BEFORE_INVERTED_LIST

protected static final int BEFORE_INVERTED_LIST
This value of state means that we should call newInvertedList().

See Also:
Constant Field Values

BEFORE_FREQUENCY

protected static final int BEFORE_FREQUENCY
This value of state means that we are positioned at the start of an inverted list, and we should call writeFrequency(int).

See Also:
Constant Field Values

BEFORE_DOCUMENT_RECORD

protected static final int BEFORE_DOCUMENT_RECORD
This value of state means that we are ready to call newDocumentRecord().

See Also:
Constant Field Values

BEFORE_POINTER

protected static final int BEFORE_POINTER
This value of state means that we just started a new document record, and we should call writeDocumentPointer(OutputBitStream, int).

See Also:
Constant Field Values

BEFORE_COUNT

protected static final int BEFORE_COUNT
This value of state can be assumed only in indices that contain counts; it means that we are positioned just before the count for the current document record.

See Also:
Constant Field Values

BEFORE_POSITIONS

protected static final int BEFORE_POSITIONS
This value of state can be assumed only in indices that contain document positions; it means that we are positioned just before the position list of the current document record.

See Also:
Constant Field Values

FIRST_UNUSED_STATE

protected static final int FIRST_UNUSED_STATE
This is the first unused state.

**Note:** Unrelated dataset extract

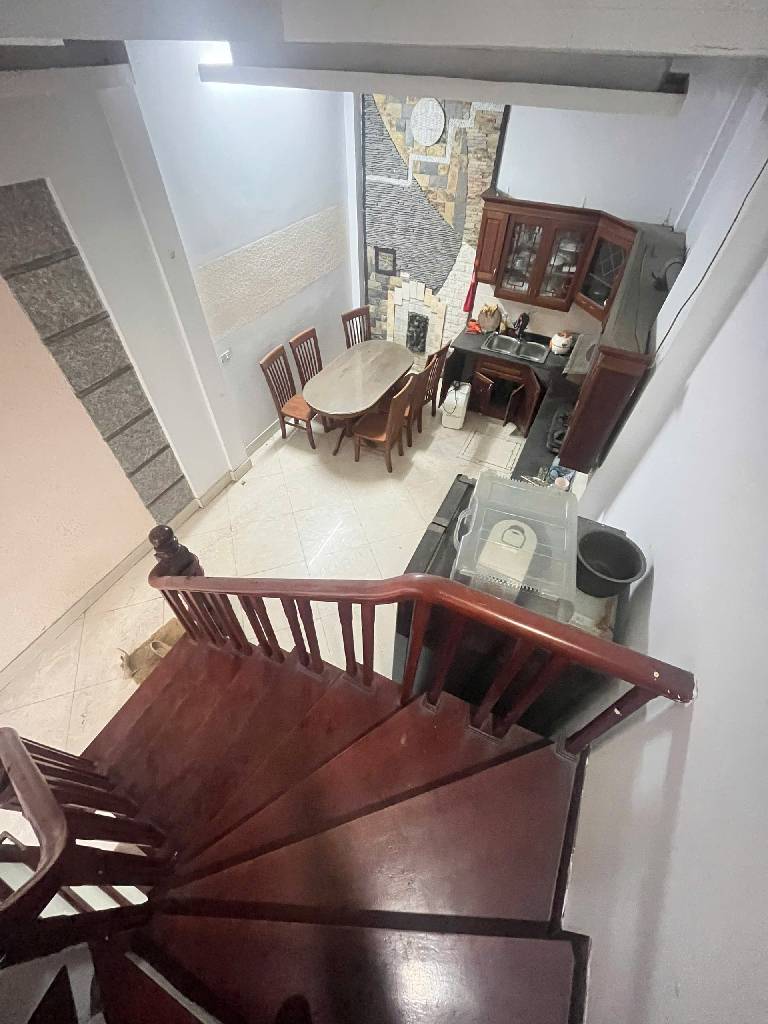 2 NHÀ RA PHỐ - VỊ TRÍ ĐẸP - Yên Hòa - Cầu Giấy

Subclasses may start from this value to define new states.

See Also:
Constant Field Values

obs

protected OutputBitStream obs
The underlying OutputBitStream.


state

protected int state
The current state of the writer.


numberOfDocuments

protected int numberOfDocuments
The number of documents of the collection to be indexed.


frequency

protected int frequency
The number of document records that the current inverted list will contain.


relativeFrequency

protected double relativeFrequency
The number of document records that the current inverted list will contain, divided by the number of documents.


writtenDocuments

protected int writtenDocuments
The number of document records already written for the current inverted list.


currentDocument

protected int currentDocument
The current document pointer.


currentTerm

protected int currentTerm
The current term.


lastDocument

protected int lastDocument
The last document pointer in the current list.


b

protected int b
The parameter b for Golomb coding of pointers.


log2b

protected int log2b
The parameter log2b for Golomb coding of pointers; it is the most significant bit of b.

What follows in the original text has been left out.